Doğru mu okuyoruz? Doğru şeyleri mi okuyoruz? Yoksa okumamız gerekenlerden bihaber miyiz?
Okumak, görmek demek, anlamanın ilk şartları bunlar duymak gibi. Anlamak için merak etmek, okumak, gözlemlemek gerek…
Karşımızdakini de okumalıyız… söylenenlerin ardındaki gerçekleri de.
Niyet okumalıyız mesela abartmadan…. fal bakmadan, gıybete kaçmadan, açık ve ayıp aramadan…
Meydan okumalıyız yanlışa, haine, kötülüğe, zulme….

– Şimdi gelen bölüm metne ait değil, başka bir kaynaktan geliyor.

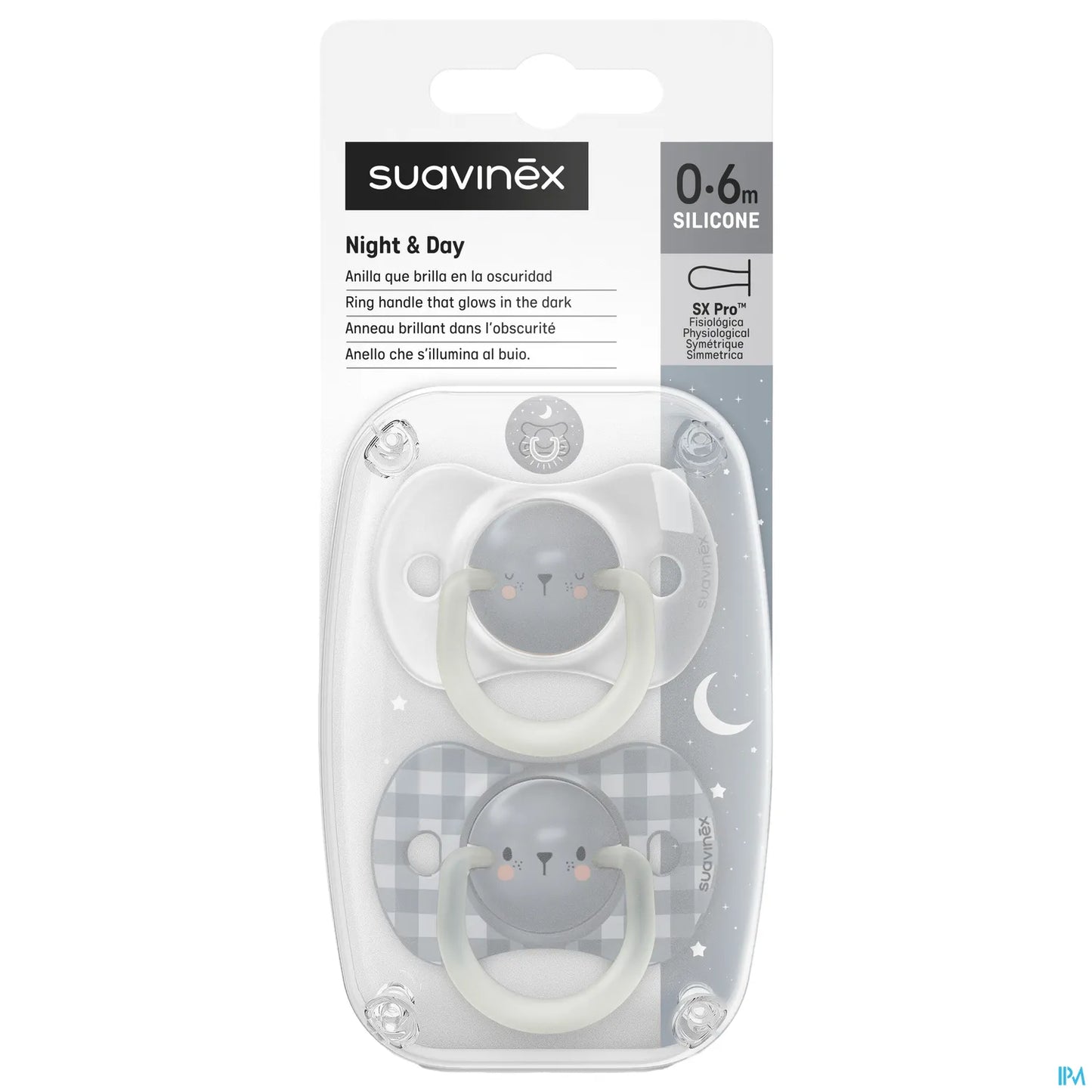 Pack de 2 Sucettes Night&Day 0-6 Mois Gris Foncé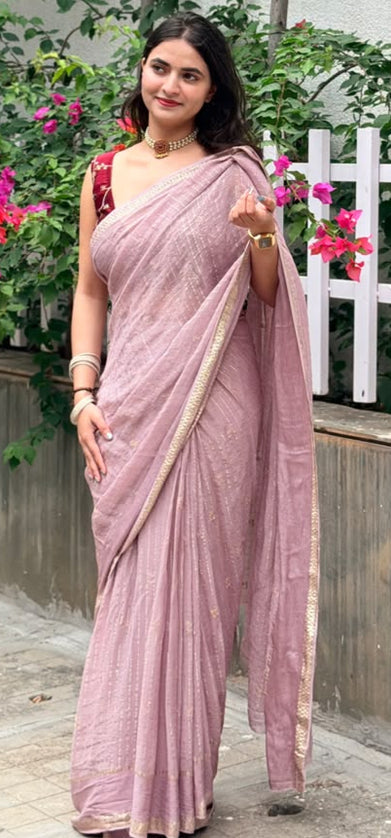 Pink Checks Semi Crepe Saree 108 (Bhumika)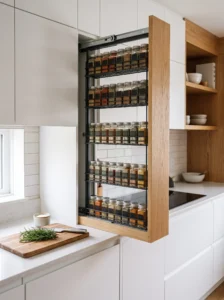 Slim pull-out spice rack filling a narrow gap beside kitchen cabinets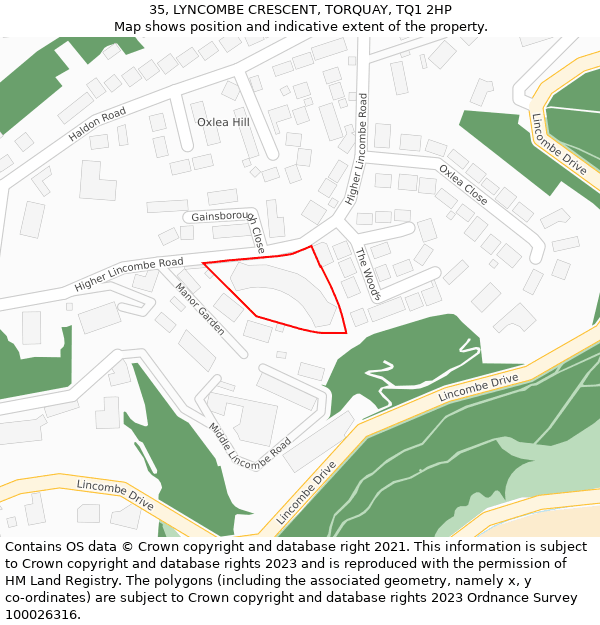 35, LYNCOMBE CRESCENT, TORQUAY, TQ1 2HP: Location map and indicative extent of plot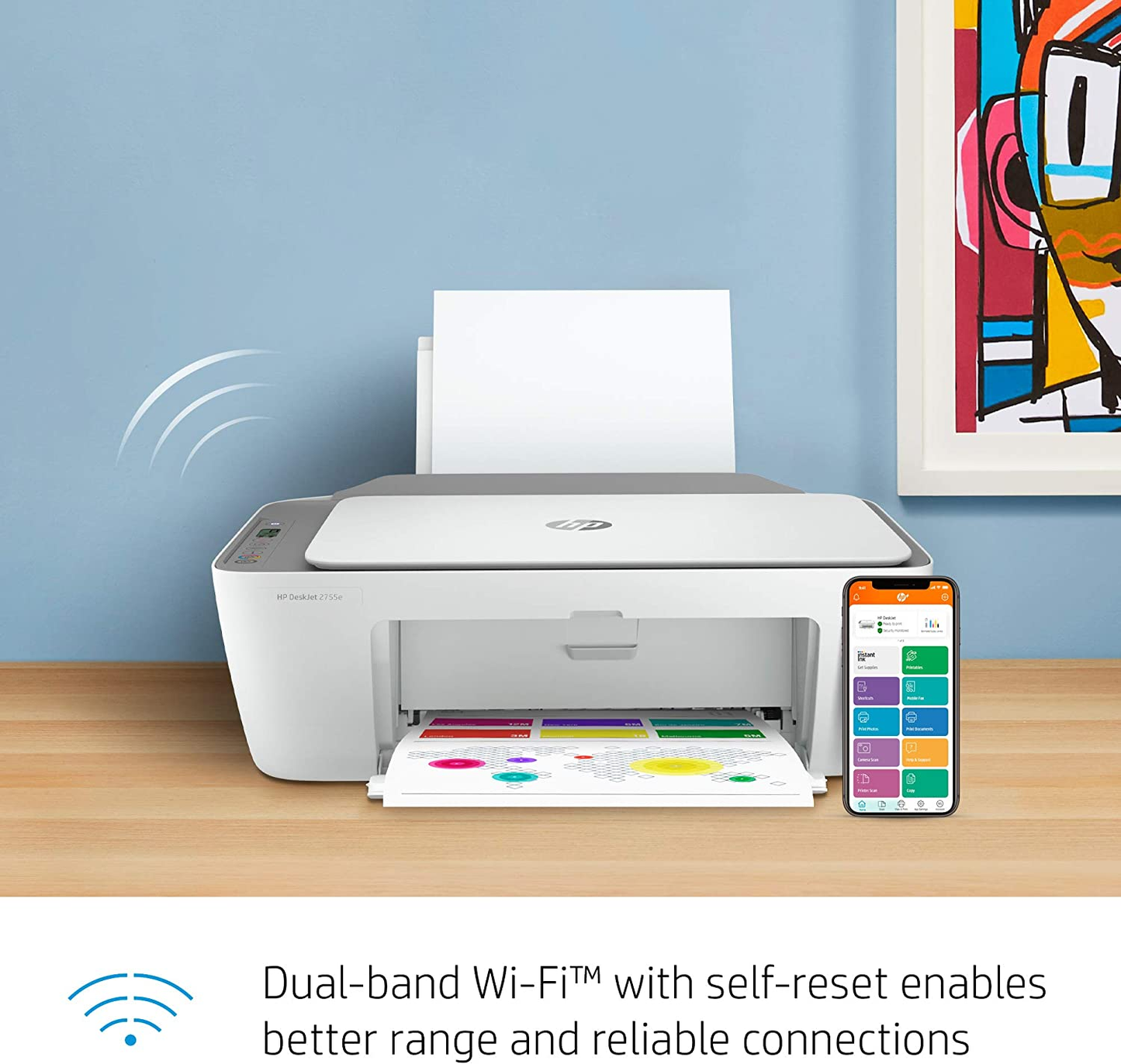 Deskjet 2755E Wireless Color All-In-One Printer with Bonus 6 Months Instant Ink with + (26K67A)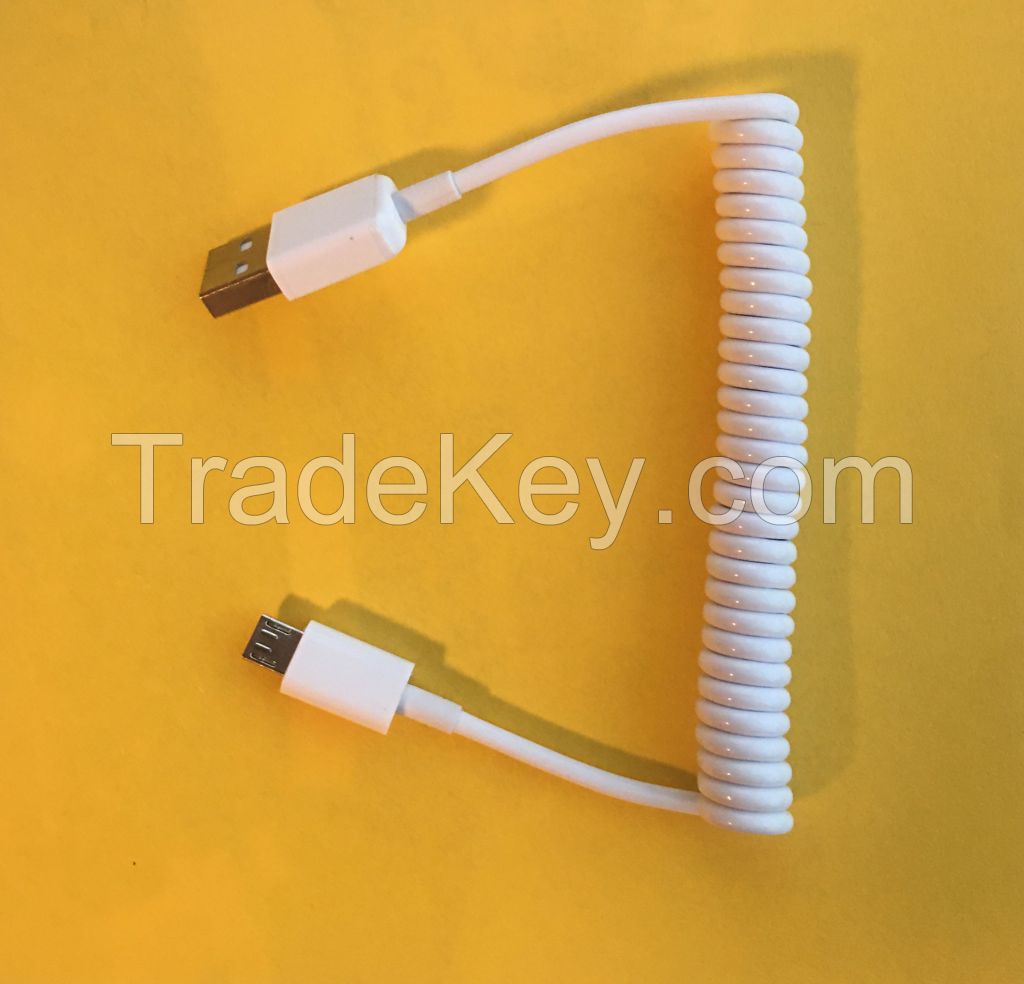 Extensible spring USB android data cable for cell phone and drone remote controller and computer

Okumaktan başka çaremiz yok.
Tabiatı okumalıyız bize ne anlatıyor diye, kainatı okumalıyız o muazzam esrarengizlikleri, bedendeki mucizeleri okumalıyız harikalar ötesi.
Okumaktan başka çaremiz yok.
Okumazsak cahil kalırız…. göremezsek kör sayılırız baksak da. İşitirsek duymuş sayılmayız malum. Onun için dikkat ederek, anlamaya çalışarak okumalıyız…. dostlarımızı, arkadaşlarımızı, hayatı, olan biteni.
Siyasileri, banka reklamlarını, kamuyu, medyayı, dizilerdeki gizli manaları okumalıyız…
bence.
Dudak okumalıyız hiç olmazsa, söylemiyorlarsa…. sadece mailleri değil, sosyal medyayı değil, gerçek hayatı okumalıyız bulutlardan, yağmurdan, rüzgardan, yıldız kaymalarından….
Olan biten o kadar çok şey var ki…. okunması gereken o kadar çok kitap var ki…. okumalı, okumalı, okumalıyız…
bence.
Okumak bu nedenle gerçeği aramak, perde arkasını görmek, anlamak ve tanımak için şart.
Okumazsak…. karanlıklarda kalır, bilinçsizce ve zalimce yönetilir, sığır gibi güdülür, ot gibi yaşarız… benden demesi.